[Scraped caption text data]

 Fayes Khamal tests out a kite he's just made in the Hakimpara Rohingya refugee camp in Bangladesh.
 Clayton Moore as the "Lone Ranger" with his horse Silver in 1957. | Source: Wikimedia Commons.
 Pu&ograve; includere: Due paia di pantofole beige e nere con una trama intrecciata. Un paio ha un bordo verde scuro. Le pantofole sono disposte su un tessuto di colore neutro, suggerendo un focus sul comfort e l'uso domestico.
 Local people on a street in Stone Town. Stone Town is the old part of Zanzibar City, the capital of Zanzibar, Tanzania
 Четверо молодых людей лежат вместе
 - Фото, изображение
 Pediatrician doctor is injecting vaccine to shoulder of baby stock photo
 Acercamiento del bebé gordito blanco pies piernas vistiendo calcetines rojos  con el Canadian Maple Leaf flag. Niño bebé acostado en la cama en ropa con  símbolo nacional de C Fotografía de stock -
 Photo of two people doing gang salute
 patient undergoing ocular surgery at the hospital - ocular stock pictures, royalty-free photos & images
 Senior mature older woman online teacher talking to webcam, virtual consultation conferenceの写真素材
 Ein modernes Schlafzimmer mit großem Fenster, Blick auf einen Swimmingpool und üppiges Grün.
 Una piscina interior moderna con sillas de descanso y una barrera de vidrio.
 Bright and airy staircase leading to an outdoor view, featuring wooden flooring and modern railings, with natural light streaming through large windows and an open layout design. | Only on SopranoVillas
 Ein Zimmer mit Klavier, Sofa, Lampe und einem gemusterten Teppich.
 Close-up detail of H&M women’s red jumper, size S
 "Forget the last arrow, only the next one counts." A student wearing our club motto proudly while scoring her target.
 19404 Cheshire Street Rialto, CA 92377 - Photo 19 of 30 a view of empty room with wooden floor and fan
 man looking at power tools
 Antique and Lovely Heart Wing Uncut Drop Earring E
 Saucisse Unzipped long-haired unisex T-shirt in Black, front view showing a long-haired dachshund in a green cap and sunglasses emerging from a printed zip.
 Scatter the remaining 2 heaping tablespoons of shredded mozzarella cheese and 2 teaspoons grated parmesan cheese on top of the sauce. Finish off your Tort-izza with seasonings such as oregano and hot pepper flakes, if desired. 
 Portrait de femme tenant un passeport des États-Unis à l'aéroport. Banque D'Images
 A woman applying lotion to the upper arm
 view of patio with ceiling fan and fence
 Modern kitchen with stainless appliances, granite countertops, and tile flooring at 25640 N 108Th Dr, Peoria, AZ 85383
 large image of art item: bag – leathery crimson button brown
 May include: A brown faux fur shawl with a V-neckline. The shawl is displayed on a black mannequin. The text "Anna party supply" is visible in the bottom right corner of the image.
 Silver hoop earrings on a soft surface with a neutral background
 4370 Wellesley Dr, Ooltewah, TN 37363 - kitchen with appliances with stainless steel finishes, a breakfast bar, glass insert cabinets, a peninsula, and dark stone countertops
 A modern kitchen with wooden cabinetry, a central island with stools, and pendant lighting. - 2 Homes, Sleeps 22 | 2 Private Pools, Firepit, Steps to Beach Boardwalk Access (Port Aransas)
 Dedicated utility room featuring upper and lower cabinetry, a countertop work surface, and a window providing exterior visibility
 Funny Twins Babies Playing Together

Work required: All entries should be restated word for word.

Solution below:
 Fayes Khamal tests out a kite he's just made in the Hakimpara Rohingya refugee camp in Bangladesh.
 Clayton Moore as the "Lone Ranger" with his horse Silver in 1957. | Source: Wikimedia Commons.
 Pu&ograve; includere: Due paia di pantofole beige e nere con una trama intrecciata. Un paio ha un bordo verde scuro. Le pantofole sono disposte su un tessuto di colore neutro, suggerendo un focus sul comfort e l'uso domestico.
 Local people on a street in Stone Town. Stone Town is the old part of Zanzibar City, the capital of Zanzibar, Tanzania
 Четверо молодых людей лежат вместе
 - Фото, изображение
 Pediatrician doctor is injecting vaccine to shoulder of baby stock photo
 Acercamiento del bebé gordito blanco pies piernas vistiendo calcetines rojos  con el Canadian Maple Leaf flag. Niño bebé acostado en la cama en ropa con  símbolo nacional de C Fotografía de stock -
 Photo of two people doing gang salute
 patient undergoing ocular surgery at the hospital - ocular stock pictures, royalty-free photos & images
 Senior mature older woman online teacher talking to webcam, virtual consultation conferenceの写真素材
 Ein modernes Schlafzimmer mit großem Fenster, Blick auf einen Swimmingpool und üppiges Grün.
 Una piscina interior moderna con sillas de descanso y una barrera de vidrio.
 Bright and airy staircase leading to an outdoor view, featuring wooden flooring and modern railings, with natural light streaming through large windows and an open layout design. | Only on SopranoVillas
 Ein Zimmer mit Klavier, Sofa, Lampe und einem gemusterten Teppich.
 Close-up detail of H&M women’s red jumper, size S
 "Forget the last arrow, only the next one counts." A student wearing our club motto proudly while scoring her target.
 19404 Cheshire Street Rialto, CA 92377 - Photo 19 of 30 a view of empty room with wooden floor and fan
 man looking at power tools
 Antique and Lovely Heart Wing Uncut Drop Earring E
 Saucisse Unzipped long-haired unisex T-shirt in Black, front view showing a long-haired dachshund in a green cap and sunglasses emerging from a printed zip.
 Scatter the remaining 2 heaping tablespoons of shredded mozzarella cheese and 2 teaspoons grated parmesan cheese on top of the sauce. Finish off your Tort-izza with seasonings such as oregano and hot pepper flakes, if desired. 
 Portrait de femme tenant un passeport des États-Unis à l'aéroport. Banque D'Images
 A woman applying lotion to the upper arm
 view of patio with ceiling fan and fence
 Modern kitchen with stainless appliances, granite countertops, and tile flooring at 25640 N 108Th Dr, Peoria, AZ 85383
 large image of art item: bag – leathery crimson button brown
 May include: A brown faux fur shawl with a V-neckline. The shawl is displayed on a black mannequin. The text "Anna party supply" is visible in the bottom right corner of the image.
 Silver hoop earrings on a soft surface with a neutral background
 4370 Wellesley Dr, Ooltewah, TN 37363 - kitchen with appliances with stainless steel finishes, a breakfast bar, glass insert cabinets, a peninsula, and dark stone countertops
 A modern kitchen with wooden cabinetry, a central island with stools, and pendant lighting. - 2 Homes, Sleeps 22 | 2 Private Pools, Firepit, Steps to Beach Boardwalk Access (Port Aransas)
 Dedicated utility room featuring upper and lower cabinetry, a countertop work surface, and a window providing exterior visibility
 Funny Twins Babies Playing Together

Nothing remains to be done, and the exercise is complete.